State fragility, organised crime and peacebuilding: towards a more strategic approach

Fragile states, with their ready pools of unemployed labour, populations inured to violence and weakened state capacity, offer sites of competitive advantage for militant organisations, criminal networks and political leaders alike. Collaboration among them may benefit all three – financing militancy, protecting crime and securing political control. Criminal networks threaten not only to fuel conflict, but also to undermine post-war gains – by criminalising politics and instrumentalising continuing disorder, thereby creating pervasive fragility in the international system.

Yet the international community currently lacks a coherent approach to tackling organised crime in conflict-affected communities. This report argues that there are normative, analytical and practical obstacles to the development of an effective response.

Firstly, at the normative level, sovereignty represents a constraint on international action, especially where crime and politics are intertwined.

Secondly, there is analytical confusion regarding how to understand and respond to organised criminal actors in peacebuilding

contexts.
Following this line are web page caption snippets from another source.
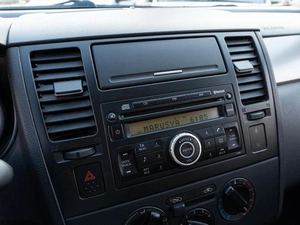 Хетчбэк Nissan Tiida 2009 года, 979000 рублей, Саратов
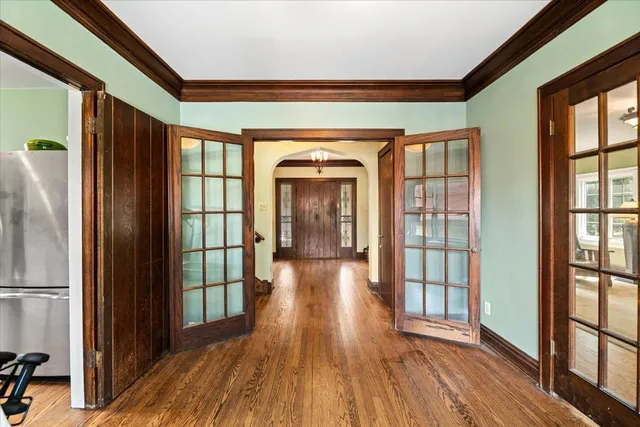 $729,000 | 219 East St Charles Road, Elmhurst, IL 60126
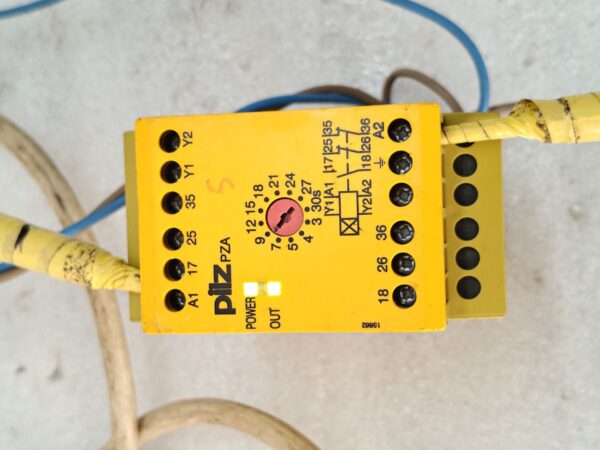 PILZ 774040 PZA 30/230VAC 1n/o 2n/c Safety Relay 774040 - Image 13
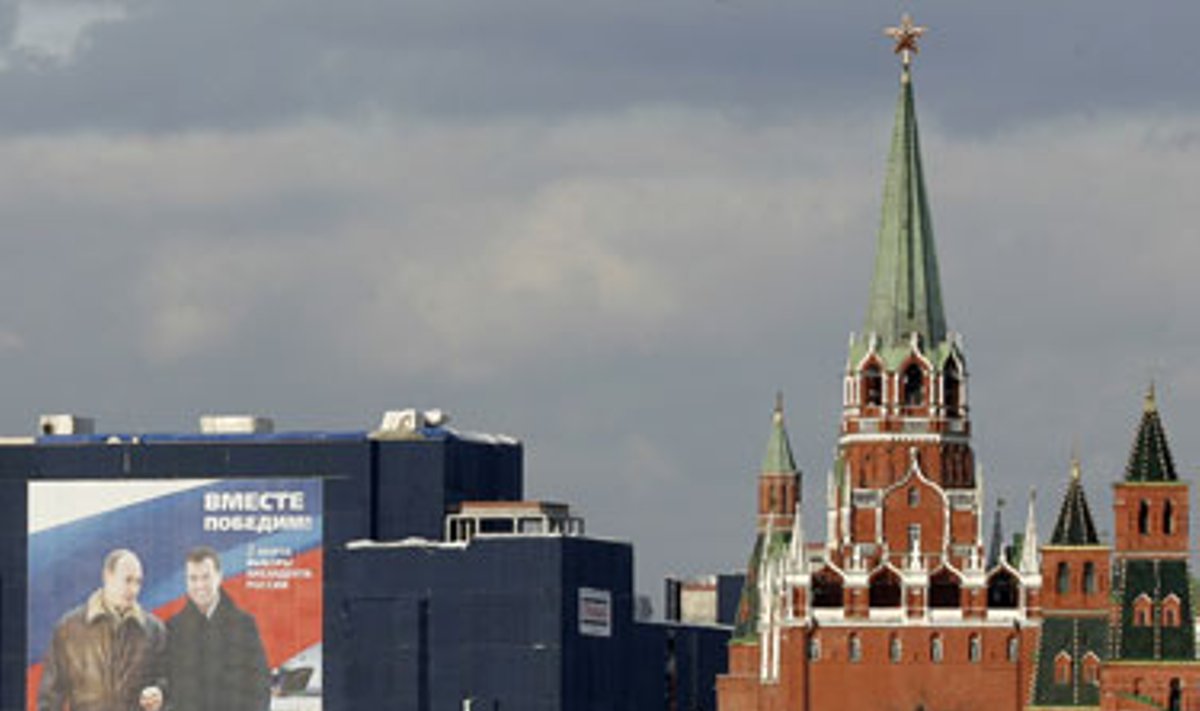 Kremliaus fone matyti Rusijos prezidento rinkimų plakatas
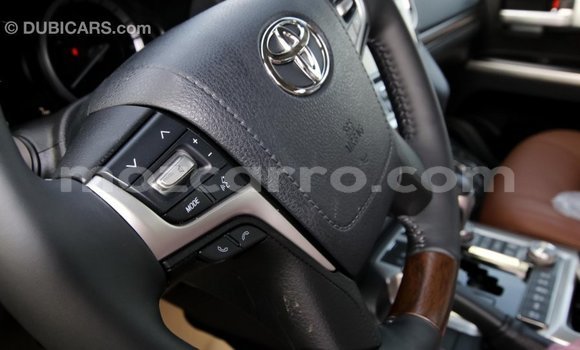 Tenga Imported Toyota Land Cruiser Nhema Mota in Import - Dubai in Cabo Delgado Tenga Imported Toyota Land Cruiser Nhema Mota in Import - Dubai in Cabo Delgado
Security-oriented actors tend to treat organised criminals as potentially violent spoilers of peace processes – or potential partners for peace – and focus on coercion, negotiation and compromise. Development actors tend to focus on addressing the structural factors – such as high unemployment, access to weapons and access to profitable illicit markets – that criminal entrepreneurs exploit. These different approaches are poorly integrated and sometimes compete outright.

Thirdly, there are numerous obstacles to the international mobilisation and organisation of the capacity needed to tackle organised crime effectively, particularly specialist investigative resources and analytical expertise.

The report suggests treating organised crime as a strategy of governance, and differentiates among different strategies (predatory, parasitic, symbiotic) that may pose different threats to peacebuilding. Finally, it proposes a series of specific steps that might be taken immediately and in the medium and long term to equip peacebuilders with the analysis, tools and capacity they need to mount a more strategic response.